In dem Artikel wird darauf hingewiesen, dass diese Eigenschaft häufig bei Menschen mit Aufmerksamkeitsdefizit-Hyperaktivitätsstörung (ADHS) auftritt, aber auch jeden anderen betreffen kann, der sehr in seine Arbeit vertieft ist.
Diese Menschen versuchen nicht zu prokrastinieren. Es ist nur so, dass ihre innere Uhr anders tickt. Sie verbringen vielleicht ein paar Minuten mit einem Projekt und stellen dann fest, dass Stunden vergangen sind und keine Zeit mehr bleibt, um vor dem Schlafengehen das Geschirr abzuwaschen.
5. Sie sind vom Perfektionismus geheilt
Manchmal lassen Menschen das Geschirr stapeln, weil sie lernen, den Perfektionismus aufzugeben. Wenn sie das Geschirr nicht „richtig“ abwaschen können (was immer das für sie bedeutet – Anm. d. Red.), entscheiden sie sich dafür, es gar nicht abzuwaschen, bis sie genug Zeit und Energie haben.
6. Sie reagieren unterschiedlich empfindlich auf Sinnesreize
Forschungen zur sensorischen Informationsverarbeitung zeigen, dass Menschen sehr unterschiedlich empfindlich auf visuelle Reize reagieren. Was für eine Person störend ist, kann für eine andere völlig unbemerkt bleiben.

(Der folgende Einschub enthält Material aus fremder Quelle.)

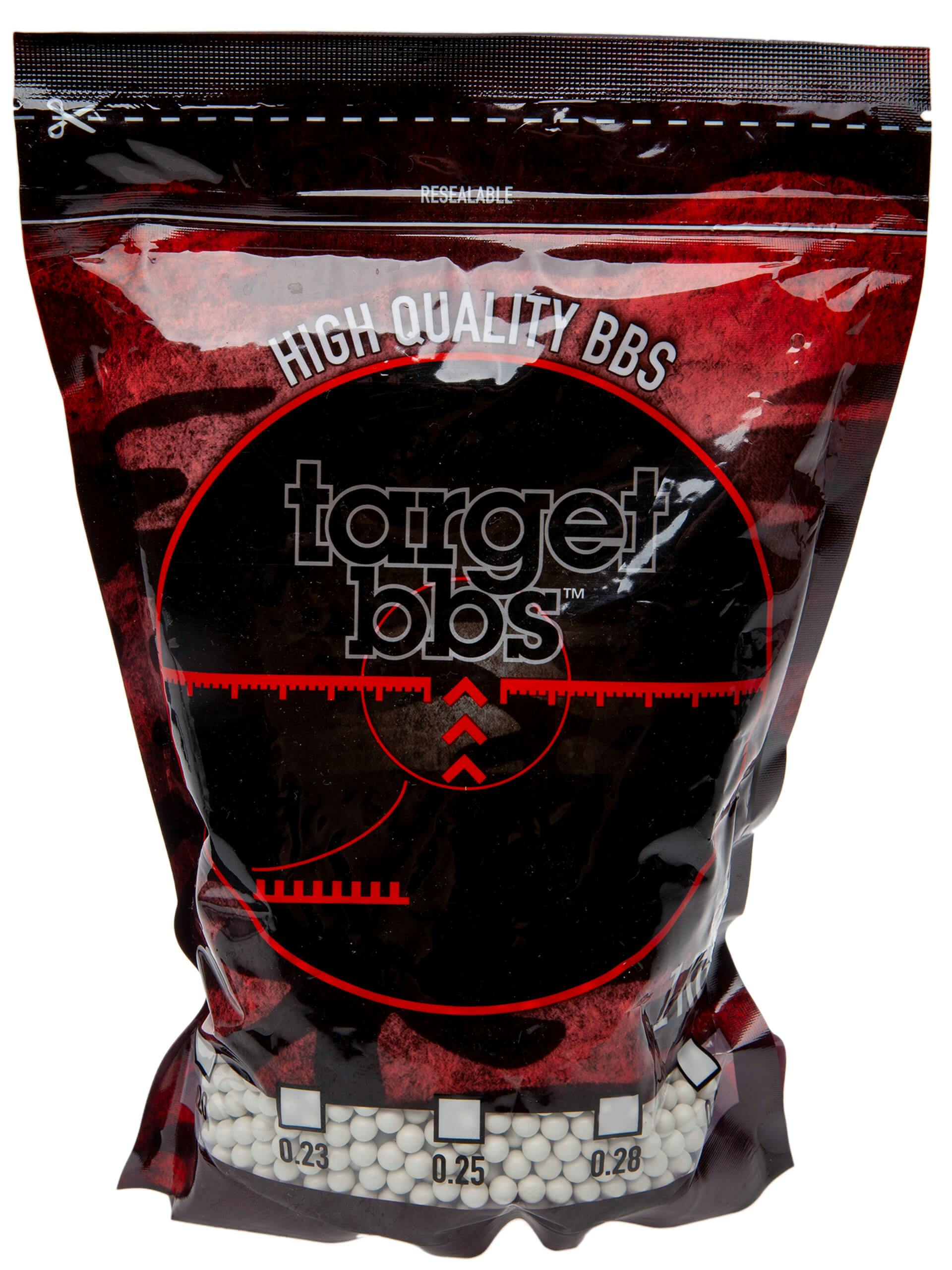 Evolution Airsoft 0.25g Target 6mm BB 1kg Bag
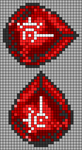 Alpha pattern #213145
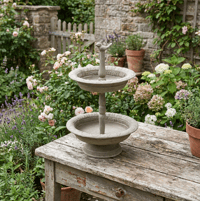 Henley Tiered Bird Bath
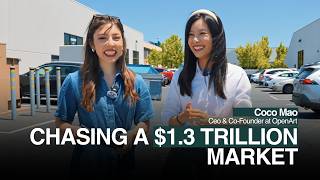 From $10M to $70M ARR in 12 Months, The Story of OpenArt - Coco Mao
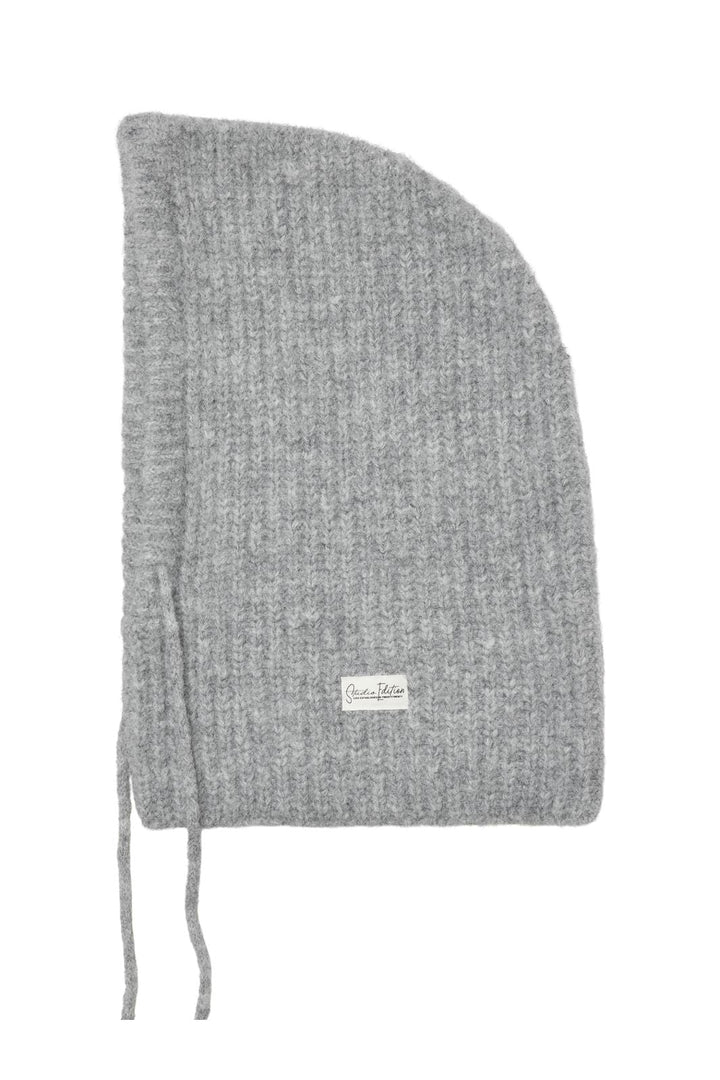 Jjxx - Jxkatherine Knitted Balaclava Acc Ln - 4838222 Medium Grey Melange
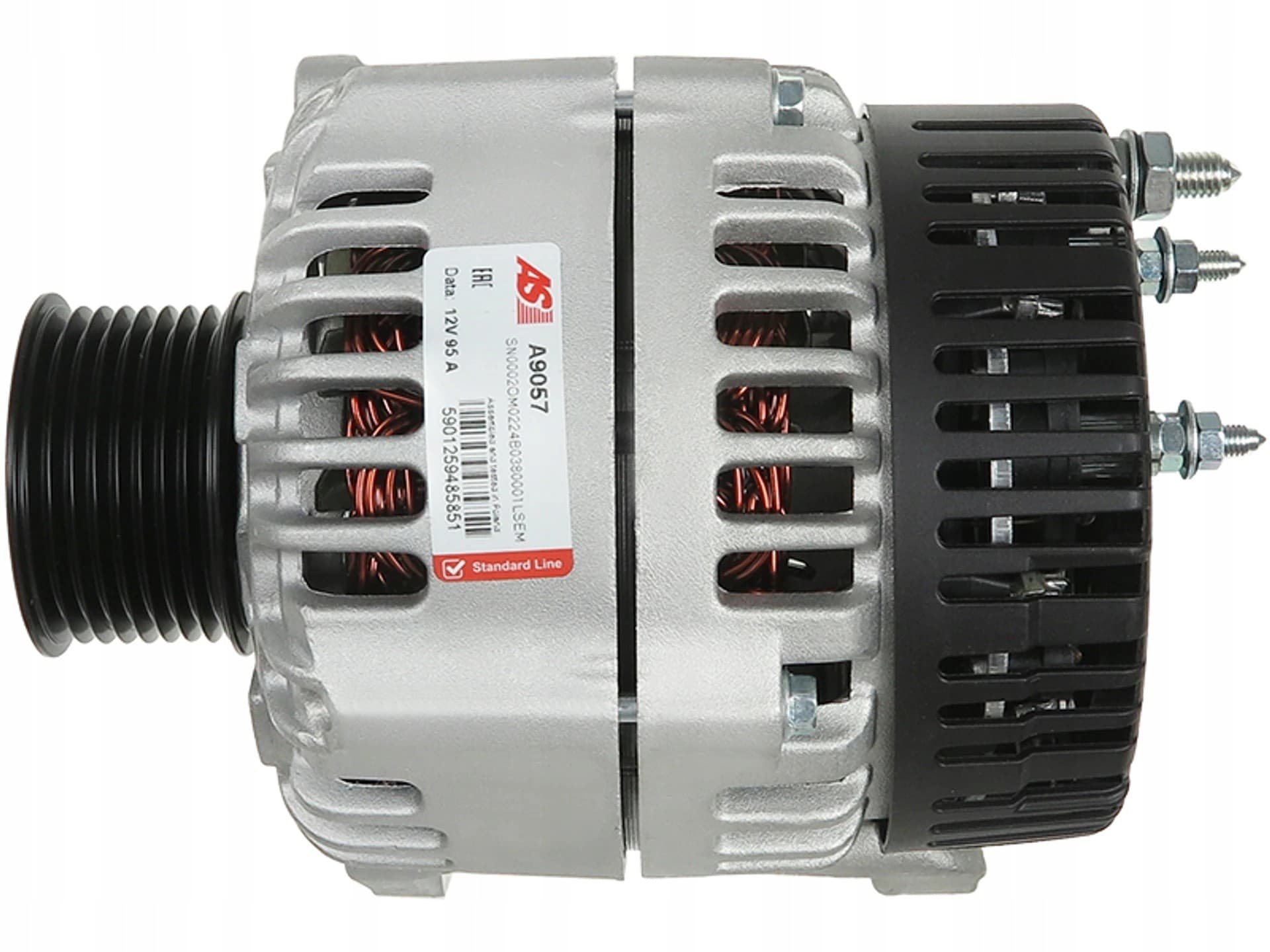 Alternador As-Pl A9057 nuevo 3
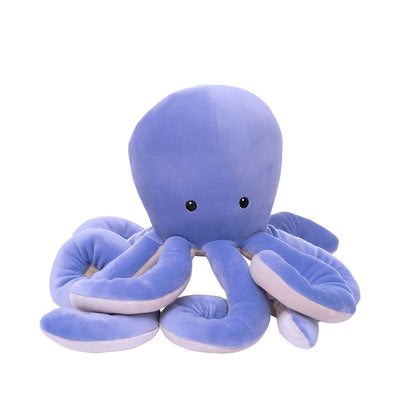 Velveteen Sourpuss Octopus by Manhattan Toy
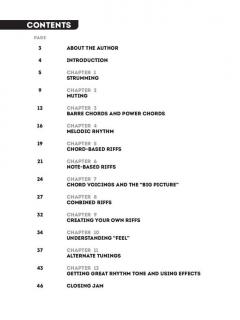 How To Play Rock Rhythm Guitar 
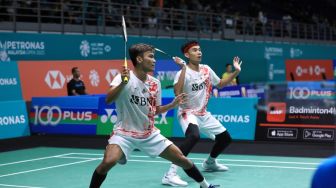 Hasil Orleans Masters 2023: Fikri/Bagas Dikalahkan Pasangan China di Final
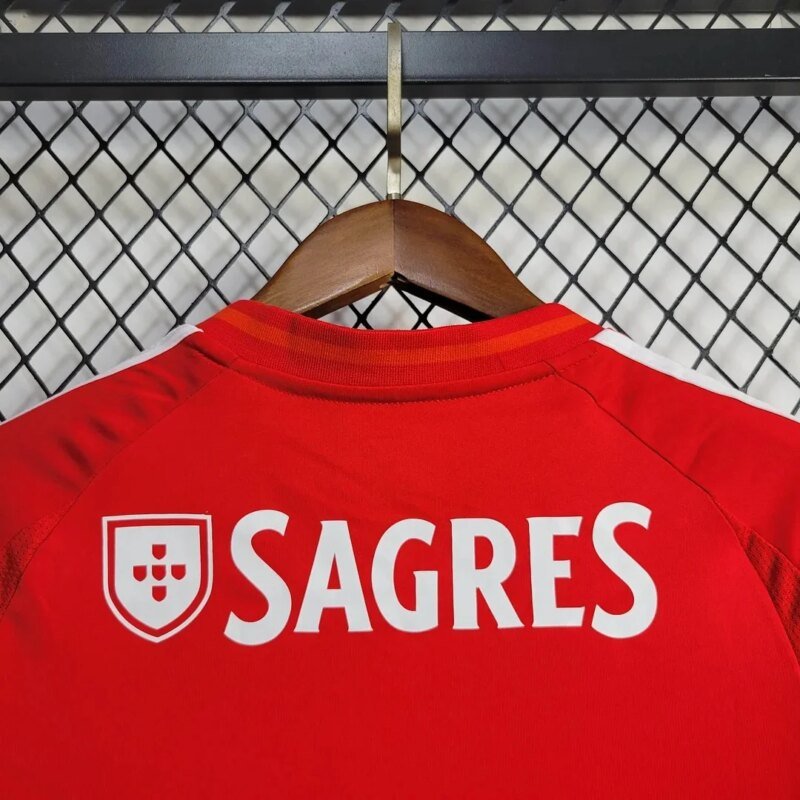 2024/2025 Benfica Home Football Shirt 1:1 Thai Quality Kids Siz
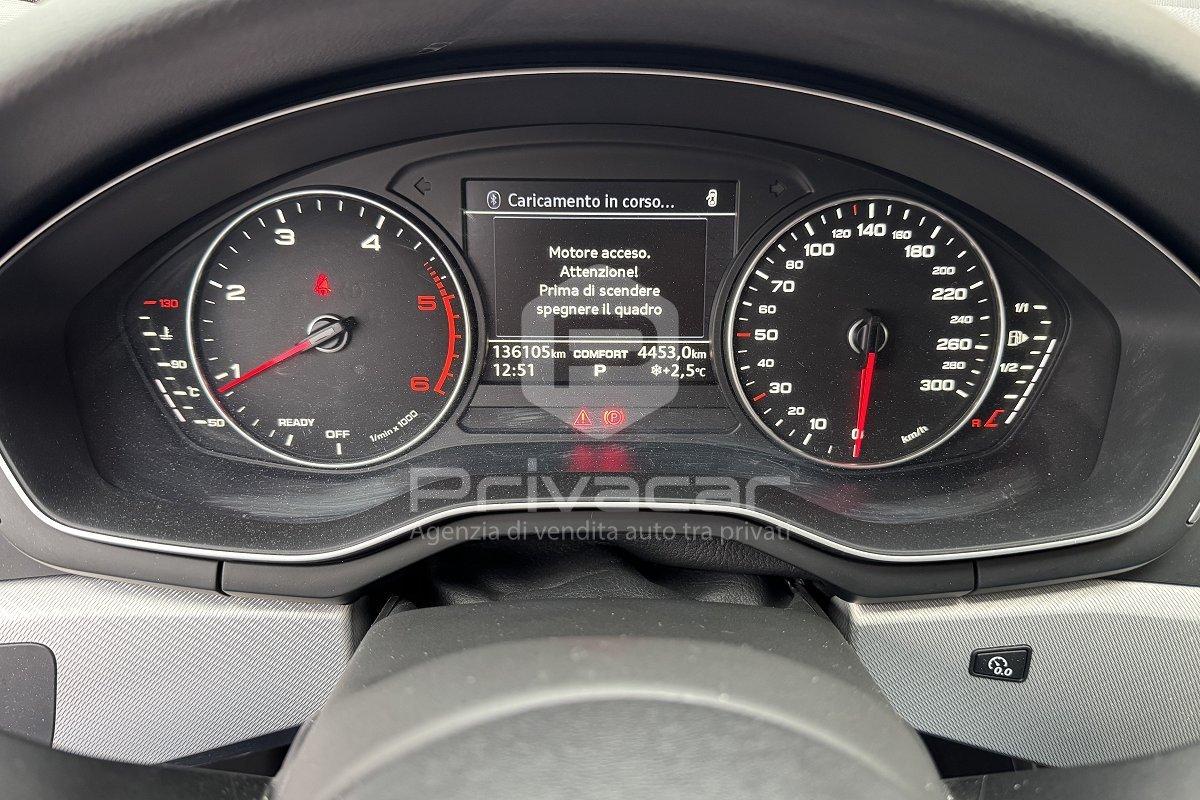 AUDI A4 Avant 2.0 TDI 190 CV ultra S tronic Design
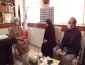 دیدار با امام جمعه شهرستان ملایر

Die Erklärung dafür ist, dass Menschen, die ihr Geschirr ungewaschen zurücklassen, oft eine höhere Empfindlichkeit gegenüber visuellen Reizen haben, was bedeutet, dass der Anblick von schmutzigem Geschirr bei ihnen einfach nicht die gleiche Stressreaktion auslöst wie bei anderen.
7. Sie sind Verfechter der Energieeinsparung
In der Veröffentlichung wird darauf hingewiesen, dass manche Menschen instinktiv wissen, wie sie ihre Energie für die wichtigsten Dinge sparen können. Sie haben (bewusst oder unbewusst – Anm. d. Red.) gelernt, dass Energieverschwendung beim Geschirrspülen, wenn sie erschöpft sind, bedeutet, dass sie weniger Energie für wichtige Gespräche, kreative Arbeit oder Selbstfürsorge haben.
8. Sie lehnen eine Kultur der Produktivität ab
Menschen, die das Geschirr stapeln lassen, wehren sich möglicherweise aktiv gegen eine giftige Produktivitätskultur, die behauptet, wir sollten immer etwas „Nützliches“ tun.
Sie erkennen, dass ihr Wert nicht davon abhängt, wie sauber ihre Küche ist.
9. Sie reagieren unterschiedlich auf Stress
Manche Menschen räumen in Stresssituationen auf, während andere die Hausarbeit ganz aufgeben. Wenn sie überwältigt sind, stellt ihr Gehirn die emotionale Regulierung über die äußere Ordnung.
Der Abwasch wird unsichtbar, weil alle geistigen Ressourcen auf die Bewältigung des inneren Zustands konzentriert sind.